Defrost overnight in the fridge and reheat as above.
(IMPORTANT NOTE: If you are using leftovers on your pizza, do not reheat. Food safety guidelines state that food should not be reheated more than once.)
If you like this recipe…
…you might also like:
Christmas Pizza
Ingredients
- 150 g lardons
- 500 g strong white bread flour
- 1 teaspoon salt
- 7 g fast action yeast
- 1 tablespoon olive oil
- 350 ml lukewarm water (you may not need all of this, see below)
- 300 g passata (I use Cirio Passata Rustica)
- 1 red onion very thinly sliced
- 250 g cooked turkey cut into thin strips
- 250 g sausage meat (or raw sausage stuffing balls), torn into small pieces
- 250 g drained weight fresh mozzarella torn (or grated mozzarella or grated cheddar – see Note 1)
- 2 teaspoons dried oregano
- 2 teaspoons dried sage
- Black pepper to taste
Instructions
- Preheat your oven to 220C / 200C fan. Grease 4 large (12inch / 30cm) pizza trays with a little olive oil. (Or 8 smaller ones – See Note 2.)
- Fry the lardons in a frying pan over a high heat for 3 minutes, or until just turning golden brown. (See Note 3.) Turn off the heat, drain off the fat and set aside until needed.

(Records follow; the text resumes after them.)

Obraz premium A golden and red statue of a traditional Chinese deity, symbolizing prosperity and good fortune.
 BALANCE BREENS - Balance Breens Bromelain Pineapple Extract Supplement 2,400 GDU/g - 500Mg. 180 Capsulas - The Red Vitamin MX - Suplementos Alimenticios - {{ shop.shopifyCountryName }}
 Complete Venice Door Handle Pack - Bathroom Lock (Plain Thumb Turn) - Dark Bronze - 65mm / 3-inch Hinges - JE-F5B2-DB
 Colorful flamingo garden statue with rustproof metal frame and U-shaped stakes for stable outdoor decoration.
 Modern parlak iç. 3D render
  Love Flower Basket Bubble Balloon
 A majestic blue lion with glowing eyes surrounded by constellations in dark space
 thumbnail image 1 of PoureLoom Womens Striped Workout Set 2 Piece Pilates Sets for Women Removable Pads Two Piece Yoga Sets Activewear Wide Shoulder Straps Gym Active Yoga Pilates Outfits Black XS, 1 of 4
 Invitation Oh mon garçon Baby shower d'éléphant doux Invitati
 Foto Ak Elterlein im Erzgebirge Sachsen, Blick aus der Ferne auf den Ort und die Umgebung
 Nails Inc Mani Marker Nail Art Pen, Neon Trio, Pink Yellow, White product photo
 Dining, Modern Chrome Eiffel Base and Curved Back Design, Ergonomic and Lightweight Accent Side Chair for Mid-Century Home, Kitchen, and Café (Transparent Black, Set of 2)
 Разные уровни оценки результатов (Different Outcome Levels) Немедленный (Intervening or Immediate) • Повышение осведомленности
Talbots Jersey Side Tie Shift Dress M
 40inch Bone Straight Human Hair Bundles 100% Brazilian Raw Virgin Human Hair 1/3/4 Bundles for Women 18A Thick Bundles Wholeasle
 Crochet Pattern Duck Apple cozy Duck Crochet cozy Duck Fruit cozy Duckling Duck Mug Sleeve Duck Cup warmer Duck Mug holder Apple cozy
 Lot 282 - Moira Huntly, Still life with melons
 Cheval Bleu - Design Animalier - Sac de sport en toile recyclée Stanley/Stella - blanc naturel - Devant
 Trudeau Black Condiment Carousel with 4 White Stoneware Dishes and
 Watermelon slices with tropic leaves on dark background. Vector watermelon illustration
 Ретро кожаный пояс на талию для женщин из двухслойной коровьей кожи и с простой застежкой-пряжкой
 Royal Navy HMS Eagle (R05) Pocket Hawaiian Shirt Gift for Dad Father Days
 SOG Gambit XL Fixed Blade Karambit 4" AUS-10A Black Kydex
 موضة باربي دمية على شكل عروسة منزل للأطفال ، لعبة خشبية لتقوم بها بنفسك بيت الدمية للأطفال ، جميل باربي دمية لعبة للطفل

- Meanwhile, in a large bowl, mix together the flour, yeast and salt, then add the olive oil and stir. Slowly add the water until the mixture comes together to form a dough – the dough should just come together and should not be too wet/sticky. (You may not need all the water. Start with 300ml and see how it goes, add it in little bits after that.)
- Knead the pizza dough for 5 minutes on a floured surface. (See Note 4.)
- Divide the dough up into 4 equal sized pieces (or 8 if you are making small ones) – I use my scales to make this easier and more accurate.
- Roll out each piece out to roughly the size of the pizza tray. Put the rolled out dough in the pizza tray and stretch out gently to the full size of the pizza tray (this is because it will shrink slightly when you pick it up).
- Top each pizza with 4 tablespoons passata. Spread the passata all over the base using the back of a spoon, leaving a thin border all around the pizza. (Don’t use too much passata or it will make your pizzas soggy.)
- Scatter over the thinly sliced onions, so each pizza is covered evenly with the onions.
- Next, scatter over the cooked turkey, so each pizza is covered evenly with the turkey.
- Then, scatter over the torn sausage meat, so each pizza is covered evenly with the little pieces of sausage.
- Next, scatter over the cooked lardons, so each pizza is covered evenly with lardons.
- Finally, scatter over the torn mozzarella, so each pizza is covered evenly with the cheese.
- Scatter over the dried sage, oregano and black pepper.
- Cook your pizzas in your pre-heated oven for 15-18 minutes. You may find you need to move the pizzas around in your oven so they cook evenly.
- The pizzas are ready when the cheese is bubbling and the base is a light golden brown and crispy, not soggy. (If you discover as you are cutting the pizza that the base is still a bit soggy, just pop it back in the pizza tray and back in the oven for a couple more minutes.)
Notes
- What cheese you use is up to you. You can use grated mozzarella, grated cheddar or torn fresh mozzarella. My personal preference here is torn fresh mozzarella. Please note 250g drained weight = 400g undrained.
- This recipe can also be used to make 8 smaller 7inch (18cm) pizzas. If you don’t have a pizza tray, use a baking tray or cake tin of a similar size instead.
- It’s important to fry the lardons before putting them on the pizza, as they just don’t crisp up / brown properly in the oven.
- The trick to getting a super thin crust is to only knead for 5 minutes and not prove the dough, so be careful not to leave the pizza dough to rest to long at any point or you will find the dough rises and you’ll have thick crust pizzas! LEARN MORE
- Suitable for freezing.
- Nutrition information is approximate and meant as a guideline only.